Because modern minified JavaScript tends to be very regular UnitCodeTables occur a lot in practice and are a large contributor to the size reduction of BinAST encoded tree sizes. For example, BinAST tracks whether each scope uses eval (see hasDirectEval in es6.webidl.) However modern JavaScript practice avoids using eval. Encoding a unit code table for false takes two bytes, 00h 00h, so the format can represent an unlimited number of block scope’s lack of eval with a fixed overhead of two bytes -- fewer after Brotli compression.

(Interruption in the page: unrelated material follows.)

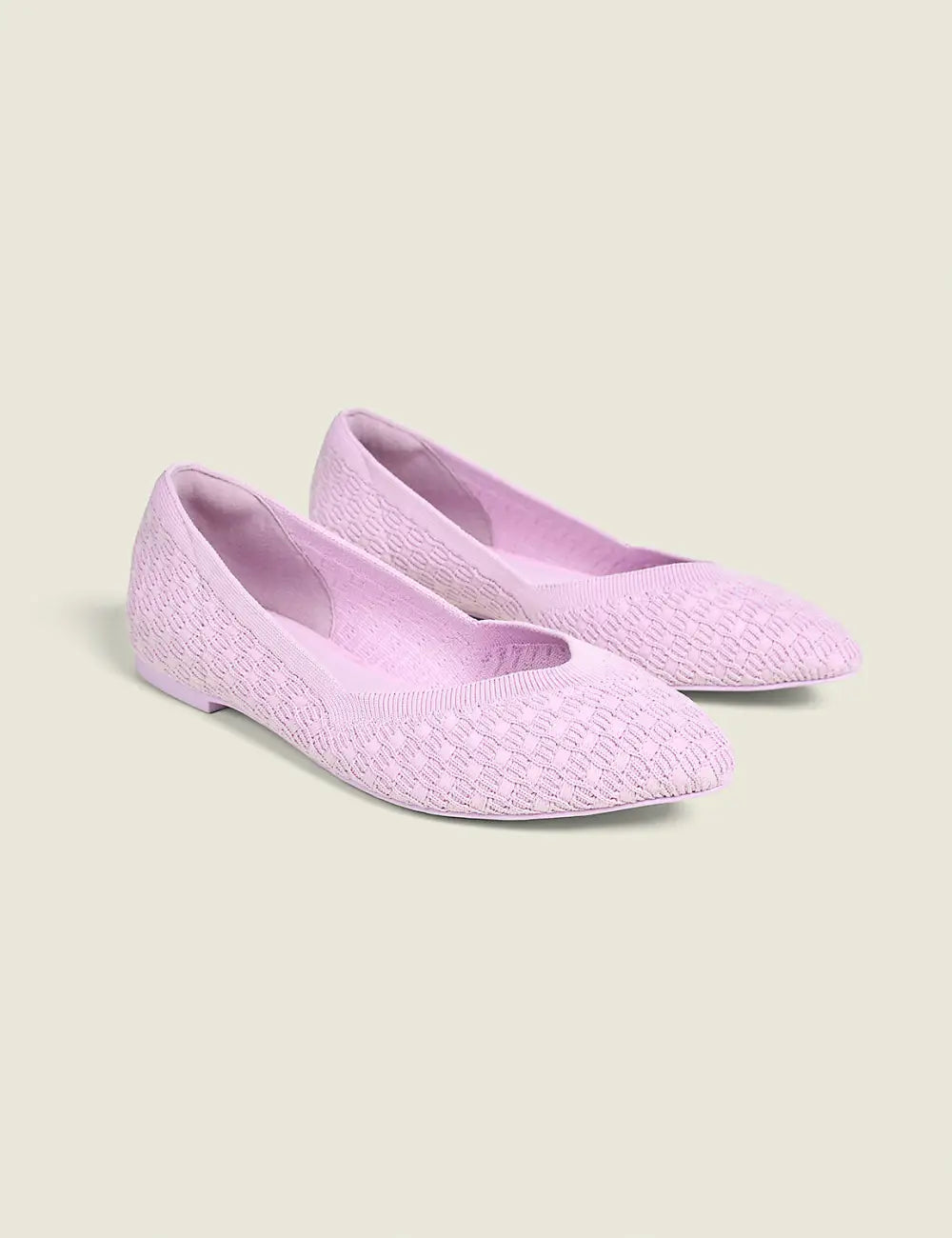 Stretch Knit Pointed Toe Ballet Flat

Note that a unit code table is the only way to produce a zero-length code. MultiCodeTableImplicit may mention symbols with zero length, but these are skipped during code assignment. The MultiCodeTable is a table with multiple symbols. There are two variants of the encoding depending on the type of symbol being encoded.

The implicit table is for symbols which form a small, closed set. The lengths of all symbols are enumerated. Unused symbols are denoted with zero length and are skipped during code assignment.

The explicit table is for symbols which form an effectively open set. The table includes a symbol count, then the lengths of all symbols, then the literal symbols.

Type	Table Type	Ordering
Boolean	Implicit	`false`, `true`
Unsigned integers	Explicit	Encoder determined
JavaScript numbers	Explicit	Encoder determined
Strings	Explicit	Encoder determined
Optional strings	Explicit	Encoder determined
Enumeration values	Implicit	IDL declaration order
Interface type tags & `None`	Implicit	`None` first; then lexical order of interface names

Finally, the EmptyCodeTable represents a set of unused codes. How empty code tables arise is described later.

Symbol Literal Encoding

Symbols appear literally in the UnitCodeTable and MultiCodeTableExplicit. When a symbol appears literally, it is encoded this way:

Type	Literal Encoding
Booleans	One byte. `false`, `00h`; `true`, `01h`.
Unsigned integers	4-byte big-endian integer
JavaScript numbers	8-byte big-endian IEEE-754
Strings	`Varuint` string table index
Optional string	If `None`, `00h`, otherwise `Varuint` 1 + string table index
Enumeration value	Varuint index of IDL declaration order
Interface type tag & `None`	Given a set of relevant interface type tags, and None if relevant, sorted by symbol ordering (see below), `varuint` index of the symbol in the set

Code Assignment: From Symbol Lengths to Codes

To encode or decode a file, each symbol must be assigned not just a code length but a specific sequence of bits. The format uses a canonical Huffman code for this purpose.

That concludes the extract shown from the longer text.